"Night of the Swallow" is a 1982 song by Kate Bush. Written and produced by her, it was included on the album The Dreaming. The song has a significantly Irish theme in that it features many Irish musicians and instruments. It was released as a single in Ireland in late 1983, making it the fifth release from the album.

Background 
The lyrics concern a smuggler planning his next clandestine journey. Bush takes on the role of his lover, who begs him not to go ("I won't let you do it. If you go, I'll let the law know"). The song ends with the smuggler speaking in defiance ("Would you break even my wings, like a swallow. Let me, let me go"). Bush herself has commented on the lyrics, saying:  
"In this song she wants to control him and because he wants to do something that she doesn't want him to she feels that he is going away. It's almost on a parallel with the mother and son relationship where there is the same female feeling of not wanting the young child to move away from the nest. Of course, from the guy's point of view, because she doesn't want him to go, the urge to go is even stronger. For him, it's not so much a job as a challenge; a chance to do something risky and exciting."  
The song's release in Ireland only is most likely due to the Irish nature of the song, featuring instrumental accompaniment by Irish musicians. These include members of Planxty and The Chieftains: Bill Whelan on bagpipes, Liam O'Flynn on uillean pipes and penny whistle, Seán Keane on fiddle and Dónal Lunny on bouzouki. Whelan is credited as writing the string parts for the song, although this was in close association with Bush herself.  Bush was to explore Irish themes in later works also, such as "Jig of Life" from Hounds of Love (1985) and the single "Rocket Man" (1991). Bush's mother was Irish and so Kate had listened to traditional Irish music from a young age and was eager to explore this style. Her brother Jay also influenced her due to his appreciation of the group Planxty.
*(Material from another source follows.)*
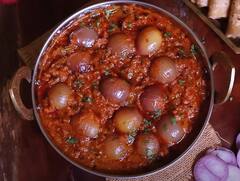 Onion Masala : பூரி, சப்பாத்திக்கு ஏற்ற சைடிஷ் .. வெங்காய மசாலா ரெசிபி இதோ!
The song was the first of two (the other being "Sat in Your Lap") to be recorded for the album. It was mainly recorded at Abbey Road Studios in Spring 1981 over several sessions. The Irish musicians section was recorded in Ireland, with Bush working there with them overnight. After completing the track at seven in the morning, she headed back to London to finish mixing the song. Bush spoke about the song (where its name was revealed) as early as July 1981, saying that Planxty were "Fantastic musicians with open, receptive minds, which is unusual for people who work with traditional folk music".

The track was finally released in September 1982 as the seventh track of The Dreaming. The single was released over a year after the album and failed to chart in Ireland. It also went unpromoted, with no music video made for the song.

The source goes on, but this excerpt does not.